§ Exercise instructions
Take the line containing "this 726×408 image." through the last line of the data and retype those lines exactly. Pictures do not belong in the copy.

(Record excerpts Opens)

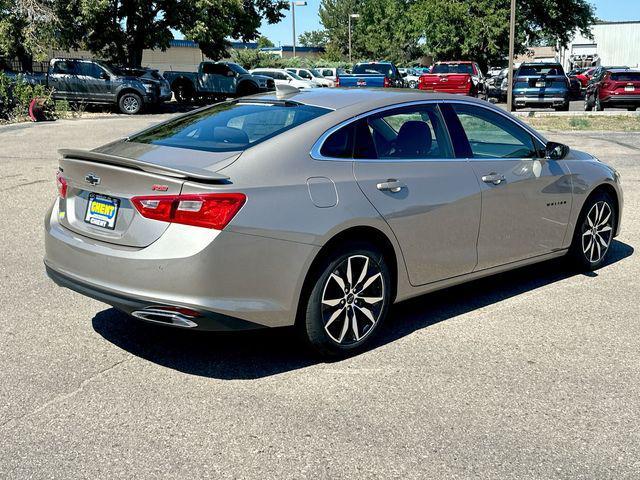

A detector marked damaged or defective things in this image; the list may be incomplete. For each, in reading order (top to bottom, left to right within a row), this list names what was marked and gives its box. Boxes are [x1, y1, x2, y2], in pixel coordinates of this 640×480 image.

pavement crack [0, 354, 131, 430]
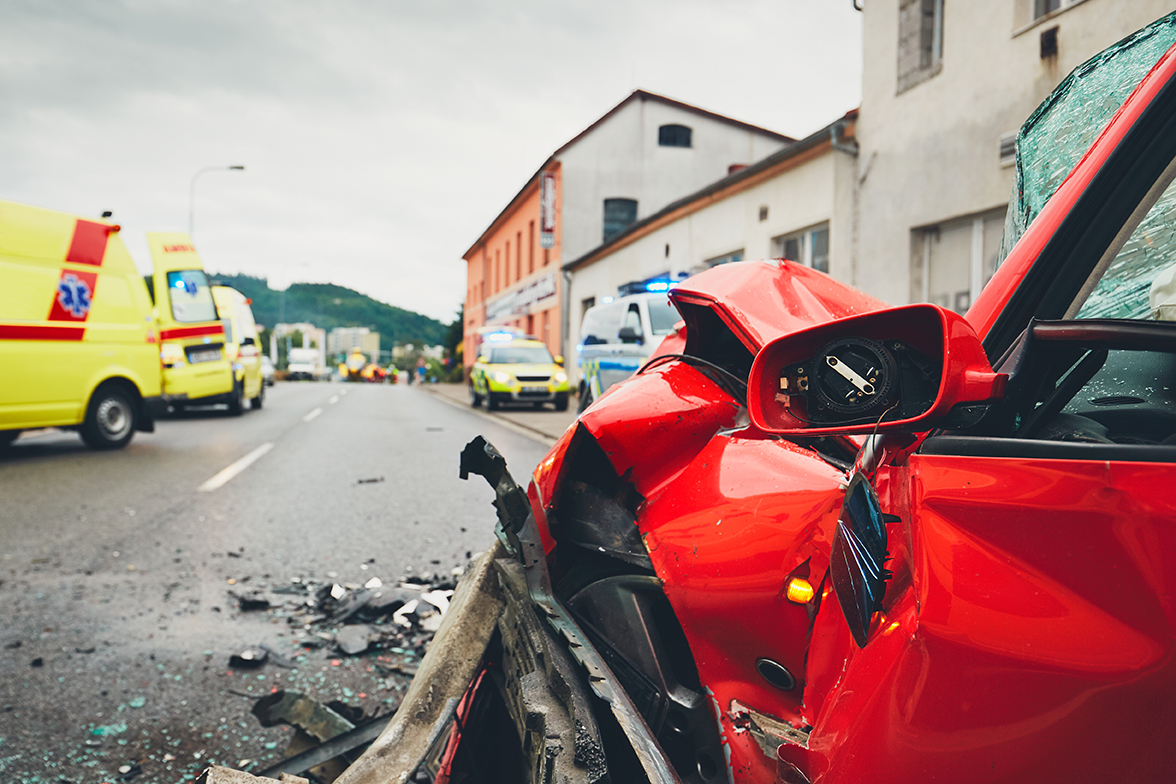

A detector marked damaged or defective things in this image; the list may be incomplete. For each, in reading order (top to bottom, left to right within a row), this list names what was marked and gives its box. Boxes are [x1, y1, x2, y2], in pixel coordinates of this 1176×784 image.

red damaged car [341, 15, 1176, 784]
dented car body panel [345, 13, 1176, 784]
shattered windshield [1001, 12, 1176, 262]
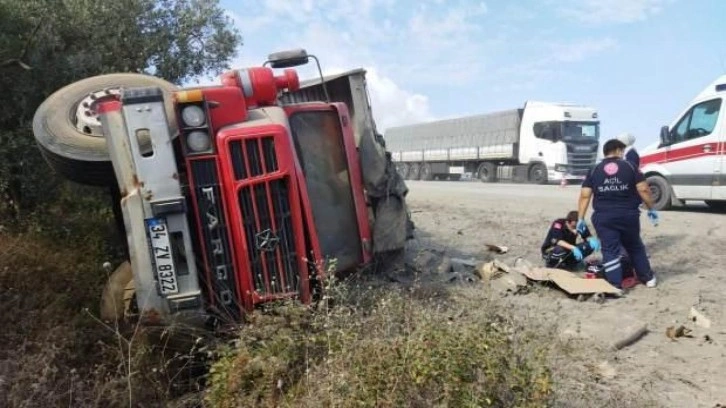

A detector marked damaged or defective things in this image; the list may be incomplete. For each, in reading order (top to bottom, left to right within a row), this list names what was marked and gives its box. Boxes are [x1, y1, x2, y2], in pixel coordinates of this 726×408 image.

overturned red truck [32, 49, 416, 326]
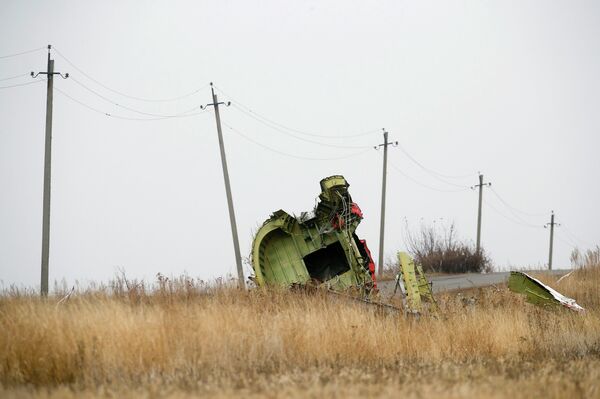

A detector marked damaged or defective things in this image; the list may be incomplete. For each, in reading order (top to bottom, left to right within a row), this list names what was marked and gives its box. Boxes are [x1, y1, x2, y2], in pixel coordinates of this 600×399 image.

(Record excerpts Closes)

§ Task solution
A detector marked damaged or defective things in this image; the list may be incomplete. For each, in reading order (top to bottom, left to right within a row), this list names what was marked and gives its box. Boxes are [x1, y1, x2, y2], in pixel coordinates of this 726×408 image.

overturned red truck [32, 49, 416, 326]

A detector marked damaged or defective things in this image; the list may be incomplete. For each, in reading order (top to bottom, left to right within a row), this list names what was marked and gives its box. Boxes are [x1, y1, x2, y2], in pixel coordinates of this 600×399 image.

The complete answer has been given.